As the mornings become more crisp and the leaves change into colors of autumn, the kids and I enjoy walking and conversing together.
“That’s pretty much the biggest tree I’ve ever seen!” Hud exclaimed as he examined a magnolia tree.
It brought back wonderful memories of climbing my grandmother’s magnolia, going as high as we could, conquering the majestic tower of branches.
He picked up a leaf and said, “I think I’ll keep this one.”
“What do you like about it?” I asked.
“What are other adjectives, or describing words, for the leaf?” I questioned, purposefully using a part of speech, and being somewhat proud of myself.
“Green, smooth, shiny, pretty, & it came from a ginormous tree!” he said excitedly. This mama was proud. Then I had an idea…
He was so enamored with the leaves & trees, so we should collect leaves, rocks, flowers, clovers, & whatever we can find for a craft.
Hello, fun lesson!
“Well, go ahead & keep that leaf, & we’ll find other things we like, too! Like a nature hunt!”
“Yeah, Mommy! Let’s do that!”
We walked back to the house & grabbed an old bucket to begin our search.
“Oh, Mommy! Look at that! They’re like flower pillows! What is that?”
“Those are my hydrangeas. Pick one if you’d like!”
He added that to his bucket with a big grin. We talked about the different colors they come in, and he used more adjectives to describe them so willingly. He was genuinely excited to be learning and exploring. What four-year-old doesn’t like to pick things up off the ground and get dirty, after all?
We explored some more, and he noticed the falling leaves and changing colors. This brought on the new vocabulary word foliage, and he was able to put together the pieces of learning about the seasons. As conversation progressed about foliage, seasons, and weather, it then led to hibernation and migration. More vocabulary words! More learning opportunities!
I thought, “This is schooling at its best. We’re having intentional, hands-on conversations in God’s beautiful world, learning in a way that will stick with us.”
After an hour in the cool morning air, we decided we had enough in our bucket to make a craft. I got out our paints, and we laid out each leaf, flower, herb, and twig we could find.

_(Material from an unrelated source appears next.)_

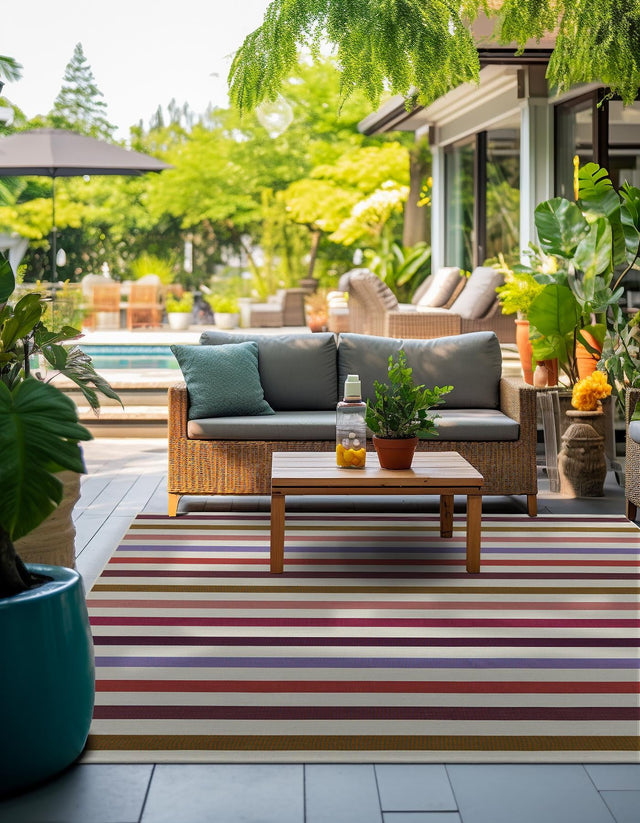 White 10' x 10' Outdoor Striped Square Area Rug Weather Resistant for Patio, Deck, Terrace, Balcony, Porch Geometric Pattern Waterproof Carpet for Sale at Rug Engine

“Let’s change the leaves' colors with our paint!”
Instead of telling Hud what to do, I picked up my paintbrush and a leaf, and I started my imprinting. He watched me and started doing it, too! He needed no instruction because he observed and did it himself.
He giggled, “I’m going to make this leaf purple and yellow!”
He painted with his little dimpled hands, and I smiled and enjoyed watching his creative mess.
“Look at this one, Mommy! It’s a blue leaf! It kind of looks like the pillow flowers… the hydrangea.”
I listened to him recount everything he had just learned and apply it to his art. He intricately laid each painted piece on the paper, and then gently peeled it off. Even though the leaves will die and we’ll have to throw these all out, he’ll be able to look at his picture and see each thing we found together.
We wanted to keep going, so we painted our hands and made them into leaves, too, only using the colors of fall foliage. He noticed, “look- our hands have lines like the leaves do.”
He was so observant & full of wonder.
The hand-prints were my favorite part of our crafts, because someday his sweet, little hands will turn into big, strong man hands. These little hand-prints will be a glimpse for me to remember how small he once was, and how special our time was together.
“I’m never going to throw these away, and I’ll always remember this day when I look at them,” I thought.
I’ll look back on our lessons, our walks, and conversations. I’ll remember the twinkle in his eyes and his willingness to learn.
Being a mother is such a holy privilege and our time is so precious
So, my Mama friend reading this, I encourage you to be intentional and so present with your children. Put your phone down, your book, your laundry basket, and understand that it will still be there, but these moments are fleeting.
God has given you a blessing and a duty, so own it, be obedient, and enjoy the beautiful nature walks and messy crafts.
I know the Lord smiled upon me on that crisp morning, and a few foliage and season changes from now, I’ll be in this same spot obedient, full of gratitude, and collecting leaves with my children.